Garfield-kh / TM2D

[ICCV 2023] TM2D: Bimodality Driven 3D Dance Generation via Music-Text Integration
77 stars 3 forks source link

set mismatching between gt and pred #19

Open u7079256 opened 2 weeks ago

u7079256 commented 2 weeks ago

I encountered an issue while evaluating with the script located at /home/mluo/aigeeks/mmv2/tm2d_60fps/eval4bailando/metrics_new_axm.py Specifically, there is a size mismatch between pred_features_k and gt_features_k found in lines 58 and 59. pred_features_k has dimensions (40, 72), whereas gt_features_k measures (1363, 72). The size of gt_features_k seems close to the total number of entries in the AIST++ dataset, suggesting a discrepancy where the ground truth features should ideally match the prediction in size.

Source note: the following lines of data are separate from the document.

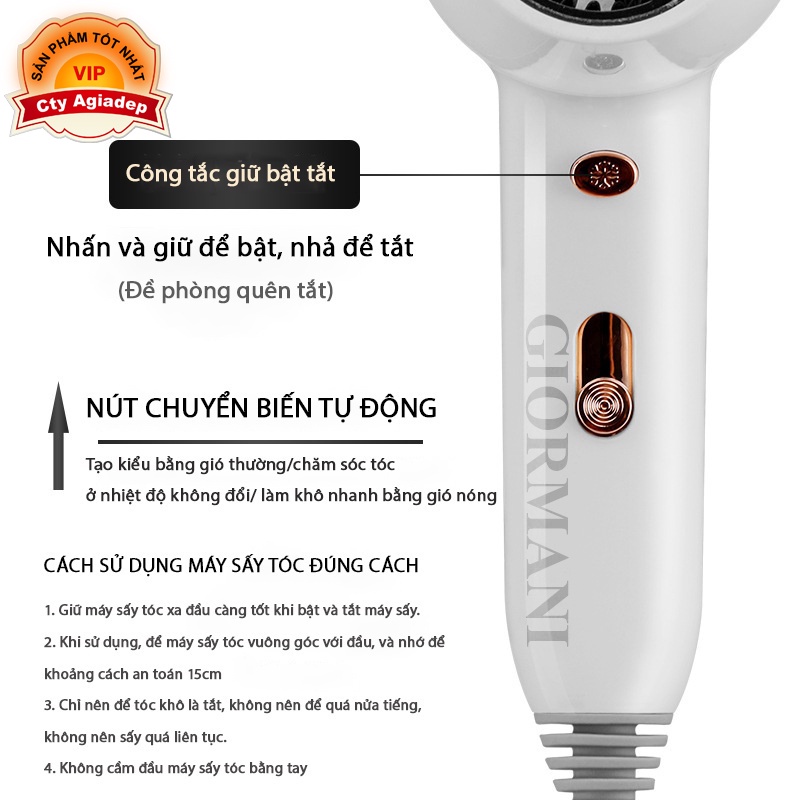 Máy sấy tóc treo tường có giá đỡ cho phòng tắm, Máy sấy tóc gắn tường cho khách sạn Giormani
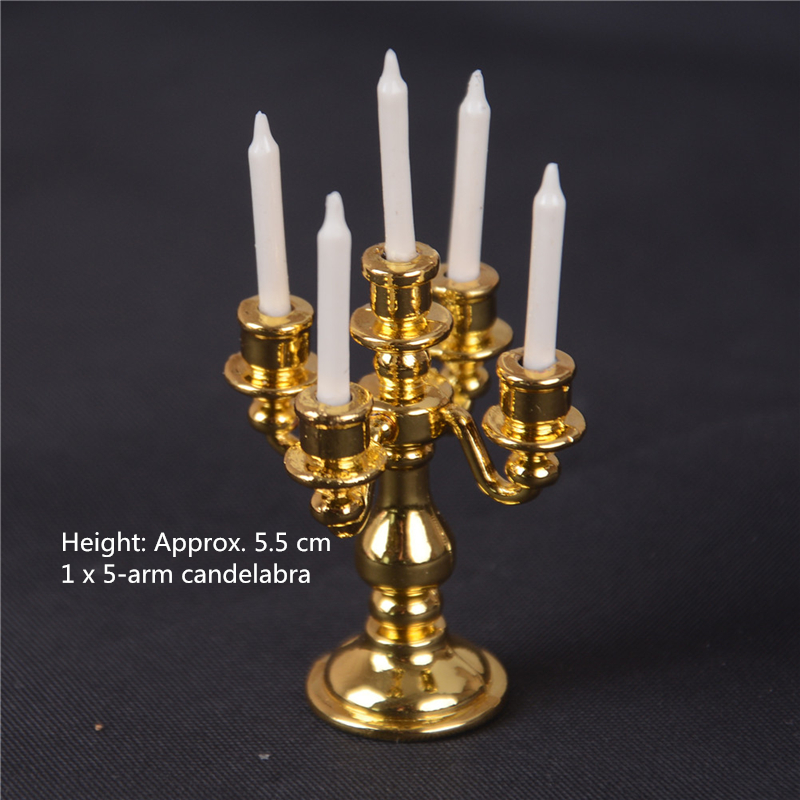 Miniature 1/12 Scale Doll House Candlestick Dollhouse Miniature Furniture Accessories Pretend play toy: as pic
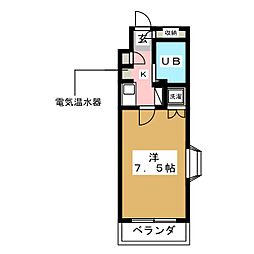 カーサツツミ 1Kの間取図画像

Additionally, the prediction features are extracted from motions corresponding in length to raw audio, typically around 2000 fps. Could you clarify if the ground truth features provided in the Google Drive are extracted from motions of similar lengths, or if they derive from entries under new_joint_vecs? If it's the latter, this could explain the temporal dimension mismatch between prediction and ground truth.

Upon reviewing the raw JSON file, I noticed that the dance_array length aligns with new_joint_vecs. Given this, could you provide access to the raw motion dataset that matches the length of the raw audio from music_array? This would help in ensuring that the evaluations are performed under consistent conditions.

Thank you for looking into this matter.

Garfield-kh commented 1 week ago

Hi for the metrics_new_axm.py, I followed the evaluation from lisiyao21/Bailando/blob/main/utils/metrics_new.py, could you check this issue in Bailando to see?